Early examples are to be found enrolled on the Close Rolls (C 54) and the Court of Chancery occasionally heard petitions from aggrieved parties when the terms of their deeds had not been kept. These deeds effectively allowed cohabitation and perhaps (before 1857) remarriage, without fear of prosecution. There is an example from 1783 in the Wheler of Otterden Place papers at Kent Archives Office. An interesting 1823 example of an Irish deed of separation, following ‘unhappy differences’, in which the wife was allowed an annuity of £130, is given in Donal Begley, Irish Genealogy: a record finder (1981) [FHL book 941.5 D27i].
Such deeds are not common but they seem to become more frequent towards the end of the nineteenth century and in the early part of the twentieth when the divorce laws did not recognise cases of basic incompatibility. Unless enrolled, however, the deeds themselves, as private documents usually only survive amongst solicitors’ papers. References to those that have been deposited in county record offices may thus be found in the online Access to Archives (http://www.nationalarchives.gov.uk/a2a).
Divorce Act 1857
Bigamy having become a quite frequent crime (2,555 cases were tried between 1805 and 1861), commissioners were appointed in 1850 to inquire into the law of divorce and, in 1857, the Divorce and Matrimonial Causes Act put an end to actions for criminal conversation and took away the authority of the church courts in divorce matters, placing them under a court for Divorce and Matrimonial Causes, presided over by three judges.

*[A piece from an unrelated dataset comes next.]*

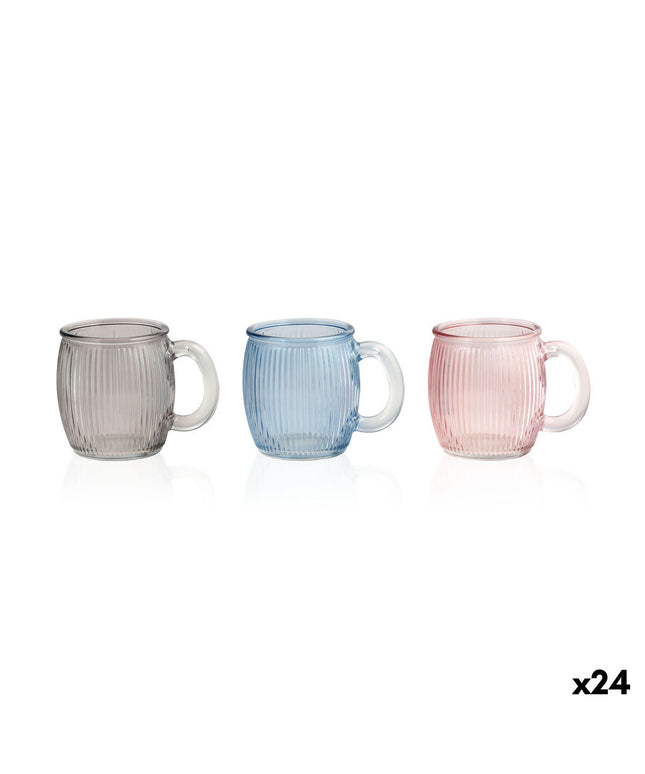 V2HF5A1F2EE92EB7D0BEB5DEFB87246365AR7518613P1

The Court for Divorce and Matrimonial Causes heard petitions for:
- Divorce, in which a civil or religious marriage could be dissolved so that, after the conditional decree nisi had been made absolute, either party was at liberty to marry again. The grounds for divorce remained basically as they had been before 1857, the man had to prove adultery by the woman or the woman had to prove her husband’s adultery and (until July 1923) also his cruelty, incest or rape. The name of the person with whom adultery had been committed had to appear as co-respondent in the petition, damages might be claimed against him (a possibility abolished in 1970) and he might be ordered to pay the costs.
- Nullity, in which a marriage might be declared null and void if there were a prior legal marriage by either party, or insanity or permanent impotence at the time of marriage, or where the marriage had been obtained by force, fraud or imposition, or was within the prohibited degrees or took place before a decree absolute was granted. Such petitions were very infrequent.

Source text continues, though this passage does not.